Yes, the main event would feature Rob Van Dam cashing in the Money in the Bank contract against John Cena for the WWE Championship. It makes absolute sense for RVD to cash-in on his home ECW turf, where the fans are behind him and the match will be extreme rules. Also on the card ECW turncoat Mick Foley will team with Edge against Terry Funk and Tommy Dreamer, Kurt Angle will face Randy Orton, Sabu will battle Rey Mysterio for the World Heavyweight Championship. That’s quite a card.
Joey Styles and Tazz are our hosts tonight.
Tazz vs. Jerry Lawler
Lawler is back in shithead heel mode, which is always what he’s best at. He goes to the announce table and slaps Joey Styles, leading Styles to jump on his back in the ring.
That distraction allows Tazz to choke Lawler out for the win in about 30 seconds.
Rating: ¼*. Tazz’s neck was too messed up to wrestle, so that was the best this could have been. Wouldn’t have minded a Lawler match with somebody else who was more physically fit.
Kurt Angle vs. Randy Orton
This is probably my favorite incarnation of Angle, insane Wrestling Machine Kurt Angle. He’s sort of a mini-Brock Lesnar here as a guy who is just totally unstoppable when he’s in his zone. And Orton is amazingly dickish here with his longer hair and pretty boy look. The ECW crowd fucking hates Orton and loves Angle, giving this a special atmosphere. “Angle’s Gonna Kill You” chants ring out.
This match is weird, but great. Angle’s style is way toned down here from how he usually wrestled. Sure, there are still some Suplexes, but he mixes in a lot of mat-wrestling and ground and pound so that the big Suplexes really stand out. And Randy Orton proves to be pretty good on the mat himself, able to hang with Angle. This seems set up to be a squash, but Orton ends up more than holding his own and is on the verge of winning at points. Angle is able to block the RKO and snap on the Ankle Lock for the submission victory.
Rating: ***3/4. Kind of a revelation of a match, with Angle displaying a style that could have extended his career if he had hung with it. The ECW crowd was totally appreciative of the bridging, the shoots, and the other amateur-inspired offense. Really makes me wish Angle had lasted longer on ECW, but his drug problems were getting out of control.
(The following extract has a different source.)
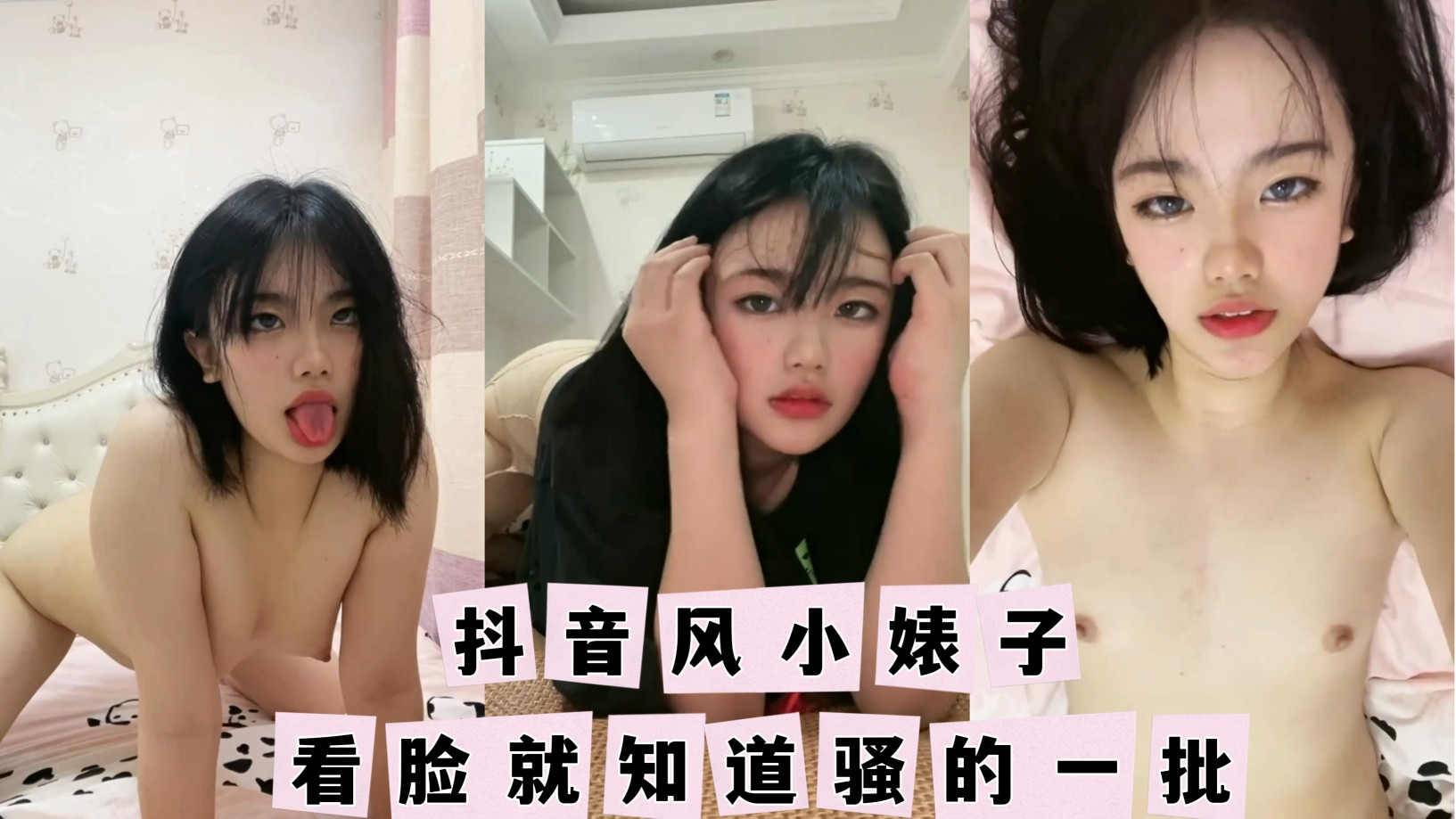 抖音风~小婊子看脸就知道是个骚逼！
The Full Blooded Italians vs. Super Crazy and Yoshihiro Tajiri
Former rivals team up in Tajiri and Crazy. The FBI are Little Guido and Tony Mamaluke with Big Guido on the floor. This match exceeds my expectations as I was expecting filler but all four guys bring it. And there aren’t a bunch of huge spots, instead it’s a lot of cool mat wrestling and counters. These first couple matches are giving us a vision of ECW as a Ring of Honor-style alternative brand that could really work. This reminds of a match from WCW, where guys with radically different styles would get in the ring and everybody would just do their stuff. A Double Fisherman’s Buster on Tajiri gets the win for the FBI.
Rating: ***. Like I said, that was surprisingly good. Loved the stuff they brought here. Excellent addition to the card.
Big Show shows up and kills everyone. Kind of too bad that the guys worked so hard only to get smashed afterward, but it made sense to establish Show as a monster.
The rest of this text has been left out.